Declarants Lacked Personal Knowledge
If you want to compel arbitration, it sure helps to have a signed arbitration agreement, as defendant Wells Fargo discovered in Bachenheimer v. Wells Fargo Bank, N.A., B251980 (2nd Dist. Div. 5 July 21, 2014) (Turner, Mosk, Mink) (unpublished).
Plaintiff, who suffered from traumatic brain injury, invested her savings with Wachovia, and lost those savings. Because Wells Fargo took over assets from Wachovia, Wells Fargo was sued. The trial court denied Wells Fargo’s petition to compel arbitration, because Wells Fargo was unable to prove the existence of an arbitration agreement.
Wells Fargo did, however, produce declarations establishing that the ordinary course of business required the investor to sign an arbitration agreement, before an account would be opened.
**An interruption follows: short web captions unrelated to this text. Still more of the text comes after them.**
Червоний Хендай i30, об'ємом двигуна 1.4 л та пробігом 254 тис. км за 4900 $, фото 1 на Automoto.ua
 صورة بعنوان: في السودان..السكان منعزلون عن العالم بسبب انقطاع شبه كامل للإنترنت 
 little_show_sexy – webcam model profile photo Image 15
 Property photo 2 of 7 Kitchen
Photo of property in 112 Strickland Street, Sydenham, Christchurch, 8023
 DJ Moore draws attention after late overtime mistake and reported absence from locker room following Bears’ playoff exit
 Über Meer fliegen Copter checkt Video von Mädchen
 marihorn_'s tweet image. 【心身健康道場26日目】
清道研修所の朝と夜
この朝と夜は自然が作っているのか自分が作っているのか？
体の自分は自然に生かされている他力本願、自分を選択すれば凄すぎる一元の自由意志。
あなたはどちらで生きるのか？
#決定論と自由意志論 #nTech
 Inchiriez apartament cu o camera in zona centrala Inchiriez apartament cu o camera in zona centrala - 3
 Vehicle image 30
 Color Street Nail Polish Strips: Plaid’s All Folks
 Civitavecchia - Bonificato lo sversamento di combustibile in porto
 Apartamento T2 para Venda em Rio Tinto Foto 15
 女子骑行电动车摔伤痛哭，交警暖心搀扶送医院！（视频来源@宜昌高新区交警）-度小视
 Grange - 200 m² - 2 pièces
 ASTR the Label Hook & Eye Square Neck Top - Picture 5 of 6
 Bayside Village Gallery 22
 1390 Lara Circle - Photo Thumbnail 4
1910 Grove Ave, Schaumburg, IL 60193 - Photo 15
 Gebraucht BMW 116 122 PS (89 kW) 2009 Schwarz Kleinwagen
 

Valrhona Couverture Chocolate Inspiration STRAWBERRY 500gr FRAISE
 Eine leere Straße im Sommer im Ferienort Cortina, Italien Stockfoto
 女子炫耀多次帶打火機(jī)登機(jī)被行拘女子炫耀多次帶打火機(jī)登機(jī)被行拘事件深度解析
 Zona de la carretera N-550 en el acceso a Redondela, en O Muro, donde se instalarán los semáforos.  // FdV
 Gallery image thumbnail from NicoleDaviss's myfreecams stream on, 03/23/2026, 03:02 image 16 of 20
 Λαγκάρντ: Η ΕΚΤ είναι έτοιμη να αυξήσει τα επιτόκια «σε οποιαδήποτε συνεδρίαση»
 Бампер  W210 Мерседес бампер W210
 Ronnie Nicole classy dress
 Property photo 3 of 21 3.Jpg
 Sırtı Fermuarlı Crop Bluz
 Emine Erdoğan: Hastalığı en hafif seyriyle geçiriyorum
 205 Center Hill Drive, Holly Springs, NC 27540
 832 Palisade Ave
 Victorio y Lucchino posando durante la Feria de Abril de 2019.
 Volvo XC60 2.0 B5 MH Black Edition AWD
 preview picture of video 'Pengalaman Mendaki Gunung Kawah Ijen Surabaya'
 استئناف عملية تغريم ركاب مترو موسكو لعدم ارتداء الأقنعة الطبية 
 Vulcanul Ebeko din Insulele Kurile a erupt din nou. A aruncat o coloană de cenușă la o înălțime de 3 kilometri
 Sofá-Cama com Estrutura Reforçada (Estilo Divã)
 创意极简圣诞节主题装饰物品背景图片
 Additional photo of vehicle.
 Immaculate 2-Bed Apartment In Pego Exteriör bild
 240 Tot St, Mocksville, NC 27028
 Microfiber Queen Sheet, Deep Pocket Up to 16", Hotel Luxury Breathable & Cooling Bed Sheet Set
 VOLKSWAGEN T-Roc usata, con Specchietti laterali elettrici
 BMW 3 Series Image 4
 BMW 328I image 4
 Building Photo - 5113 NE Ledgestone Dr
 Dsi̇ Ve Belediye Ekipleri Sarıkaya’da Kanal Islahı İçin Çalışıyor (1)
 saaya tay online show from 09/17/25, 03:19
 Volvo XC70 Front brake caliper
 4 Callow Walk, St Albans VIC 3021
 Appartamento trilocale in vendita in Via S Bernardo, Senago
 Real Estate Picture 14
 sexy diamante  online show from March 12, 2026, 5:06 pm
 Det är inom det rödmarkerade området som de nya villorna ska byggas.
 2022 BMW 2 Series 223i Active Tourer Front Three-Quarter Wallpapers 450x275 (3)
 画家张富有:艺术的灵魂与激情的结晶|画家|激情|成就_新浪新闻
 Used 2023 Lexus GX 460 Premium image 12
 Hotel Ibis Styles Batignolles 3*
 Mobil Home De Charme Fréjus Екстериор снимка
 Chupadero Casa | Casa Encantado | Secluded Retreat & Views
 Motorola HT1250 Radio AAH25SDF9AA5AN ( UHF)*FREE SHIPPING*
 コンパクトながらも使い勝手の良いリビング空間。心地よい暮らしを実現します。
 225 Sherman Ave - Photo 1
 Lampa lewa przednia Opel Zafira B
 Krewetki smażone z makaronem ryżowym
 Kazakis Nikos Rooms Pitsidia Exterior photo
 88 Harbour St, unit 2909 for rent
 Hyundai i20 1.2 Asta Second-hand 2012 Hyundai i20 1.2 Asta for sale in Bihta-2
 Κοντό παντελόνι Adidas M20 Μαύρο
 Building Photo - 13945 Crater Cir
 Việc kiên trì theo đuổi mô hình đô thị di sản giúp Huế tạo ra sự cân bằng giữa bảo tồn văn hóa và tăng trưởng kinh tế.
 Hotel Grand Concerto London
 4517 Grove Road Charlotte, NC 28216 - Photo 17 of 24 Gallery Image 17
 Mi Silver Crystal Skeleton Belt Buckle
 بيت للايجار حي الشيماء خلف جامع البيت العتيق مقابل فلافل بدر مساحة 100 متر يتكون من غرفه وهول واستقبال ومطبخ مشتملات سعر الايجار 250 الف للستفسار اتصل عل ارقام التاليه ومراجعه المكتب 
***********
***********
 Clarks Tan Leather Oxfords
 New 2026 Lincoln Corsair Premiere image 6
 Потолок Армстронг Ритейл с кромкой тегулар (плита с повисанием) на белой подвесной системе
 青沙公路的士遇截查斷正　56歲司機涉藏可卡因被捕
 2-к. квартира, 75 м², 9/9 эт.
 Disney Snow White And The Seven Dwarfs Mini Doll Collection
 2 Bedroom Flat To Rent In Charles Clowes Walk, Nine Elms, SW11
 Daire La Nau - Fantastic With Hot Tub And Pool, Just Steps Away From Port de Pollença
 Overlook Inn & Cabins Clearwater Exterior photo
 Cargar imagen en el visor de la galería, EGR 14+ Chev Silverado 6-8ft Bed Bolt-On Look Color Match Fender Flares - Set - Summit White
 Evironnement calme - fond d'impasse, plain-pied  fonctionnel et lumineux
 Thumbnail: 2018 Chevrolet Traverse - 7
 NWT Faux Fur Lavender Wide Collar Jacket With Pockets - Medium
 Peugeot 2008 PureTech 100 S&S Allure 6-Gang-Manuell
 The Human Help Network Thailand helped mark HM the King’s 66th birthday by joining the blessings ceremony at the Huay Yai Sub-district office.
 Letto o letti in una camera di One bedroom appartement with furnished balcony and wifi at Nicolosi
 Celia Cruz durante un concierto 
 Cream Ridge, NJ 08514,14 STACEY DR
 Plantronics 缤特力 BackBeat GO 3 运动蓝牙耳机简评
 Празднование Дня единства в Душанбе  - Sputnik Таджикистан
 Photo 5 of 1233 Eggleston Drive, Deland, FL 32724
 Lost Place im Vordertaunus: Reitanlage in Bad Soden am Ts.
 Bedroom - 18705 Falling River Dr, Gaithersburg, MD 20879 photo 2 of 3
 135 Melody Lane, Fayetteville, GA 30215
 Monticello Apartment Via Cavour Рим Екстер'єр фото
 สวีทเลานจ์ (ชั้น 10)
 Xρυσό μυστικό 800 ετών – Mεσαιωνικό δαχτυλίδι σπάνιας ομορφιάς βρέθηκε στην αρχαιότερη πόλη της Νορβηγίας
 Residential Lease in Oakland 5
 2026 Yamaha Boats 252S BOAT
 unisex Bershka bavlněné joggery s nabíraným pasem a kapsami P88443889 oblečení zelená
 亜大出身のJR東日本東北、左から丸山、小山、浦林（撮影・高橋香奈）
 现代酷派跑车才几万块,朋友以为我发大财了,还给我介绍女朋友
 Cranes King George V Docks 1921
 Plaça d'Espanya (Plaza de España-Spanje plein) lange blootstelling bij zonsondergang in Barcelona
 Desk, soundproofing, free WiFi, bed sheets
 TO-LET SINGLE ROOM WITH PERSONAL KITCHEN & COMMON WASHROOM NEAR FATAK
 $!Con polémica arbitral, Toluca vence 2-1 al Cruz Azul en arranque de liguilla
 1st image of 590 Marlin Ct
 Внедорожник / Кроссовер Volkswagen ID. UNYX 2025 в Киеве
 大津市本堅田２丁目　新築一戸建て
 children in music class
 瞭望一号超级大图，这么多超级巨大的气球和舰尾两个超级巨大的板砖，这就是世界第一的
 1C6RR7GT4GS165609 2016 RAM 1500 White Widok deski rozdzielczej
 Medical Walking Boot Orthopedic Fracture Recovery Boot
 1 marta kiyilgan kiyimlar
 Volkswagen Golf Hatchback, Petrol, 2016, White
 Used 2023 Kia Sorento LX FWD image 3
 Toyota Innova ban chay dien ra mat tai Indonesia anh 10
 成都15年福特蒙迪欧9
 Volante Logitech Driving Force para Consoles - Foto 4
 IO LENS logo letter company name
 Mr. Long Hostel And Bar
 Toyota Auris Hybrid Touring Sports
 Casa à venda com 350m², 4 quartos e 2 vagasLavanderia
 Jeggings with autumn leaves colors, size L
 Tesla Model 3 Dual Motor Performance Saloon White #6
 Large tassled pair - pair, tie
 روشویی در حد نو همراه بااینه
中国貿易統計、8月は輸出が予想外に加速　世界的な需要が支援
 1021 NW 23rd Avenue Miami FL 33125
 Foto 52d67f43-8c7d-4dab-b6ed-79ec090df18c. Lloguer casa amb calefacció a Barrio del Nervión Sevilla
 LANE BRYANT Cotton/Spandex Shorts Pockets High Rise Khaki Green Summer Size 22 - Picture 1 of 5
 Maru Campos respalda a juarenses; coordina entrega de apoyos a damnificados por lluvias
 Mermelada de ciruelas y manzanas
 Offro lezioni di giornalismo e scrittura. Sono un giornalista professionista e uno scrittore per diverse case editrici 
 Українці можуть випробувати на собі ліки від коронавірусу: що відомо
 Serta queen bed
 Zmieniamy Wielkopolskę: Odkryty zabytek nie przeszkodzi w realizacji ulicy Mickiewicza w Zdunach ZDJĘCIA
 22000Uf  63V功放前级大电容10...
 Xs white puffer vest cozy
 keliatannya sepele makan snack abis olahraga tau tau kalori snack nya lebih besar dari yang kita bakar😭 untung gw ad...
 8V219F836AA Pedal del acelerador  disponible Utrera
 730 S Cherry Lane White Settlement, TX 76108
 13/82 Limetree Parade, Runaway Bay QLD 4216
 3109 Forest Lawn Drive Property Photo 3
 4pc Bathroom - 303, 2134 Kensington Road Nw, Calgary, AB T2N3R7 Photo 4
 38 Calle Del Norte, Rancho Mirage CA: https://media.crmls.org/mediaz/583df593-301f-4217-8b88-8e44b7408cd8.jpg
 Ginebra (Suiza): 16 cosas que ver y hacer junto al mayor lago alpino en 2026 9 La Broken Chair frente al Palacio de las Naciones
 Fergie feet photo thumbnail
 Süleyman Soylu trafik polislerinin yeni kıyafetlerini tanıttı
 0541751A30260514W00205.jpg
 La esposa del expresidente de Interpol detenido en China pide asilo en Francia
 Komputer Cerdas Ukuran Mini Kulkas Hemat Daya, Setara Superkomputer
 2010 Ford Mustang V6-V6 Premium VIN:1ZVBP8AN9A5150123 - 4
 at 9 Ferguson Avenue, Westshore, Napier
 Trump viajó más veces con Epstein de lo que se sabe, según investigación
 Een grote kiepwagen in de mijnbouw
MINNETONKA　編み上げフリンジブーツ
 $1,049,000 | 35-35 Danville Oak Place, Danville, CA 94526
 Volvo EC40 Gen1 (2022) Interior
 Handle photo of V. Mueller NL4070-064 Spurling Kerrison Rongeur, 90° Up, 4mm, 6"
Wells Fargo conceded that the original documents had been lost or destroyed.
The declarations were not good enough to establish an arbitration agreement, because the declarants lacked first-hand knowledge that plaintiff had signed an arbitration agreement.
Thus, the order denying the motion to compel arbitration was affirmed.
Coffey v. Beverages & More, a case that I posted about on April 14, 2014 dealing with an on-line signing procedure, is another example of a defendant failing to establish that the arbitration agreement had been signed.